The ADAAA took effect on January 1, 2009, and the new regulations confirm the expanded scope of the ADA’s reach and protections. As the EEOC states, "[t]he primary object of attention in cases brought under the ADA should be whether covered entities have complied with their obligations and whether discrimination has occurred, not whether the individual meets the definition of disability."

The highlights of the new regulations are as follows.
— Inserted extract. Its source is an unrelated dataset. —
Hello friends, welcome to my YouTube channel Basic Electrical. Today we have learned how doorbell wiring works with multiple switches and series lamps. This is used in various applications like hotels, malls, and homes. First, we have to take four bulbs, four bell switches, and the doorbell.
  • "Substantially Limits." The new regulations provide that this term "shall be construed broadly in favor of maximum coverage" and that it is "not meant to be a demanding standard." Somewhat more specifically, they provide that an impairment is a disability if it "substantially limits the ability of an individual to perform a major life activity as compared to most people in the general population." (This is quite different from the standard articulated by the Supreme Court in Toyota Motor Mfg., Ky., Inc. v. Williams, 534 U.S. 184 (2002), in which the Court declared that the impairment must "prevent" or "severely restrict" activities.)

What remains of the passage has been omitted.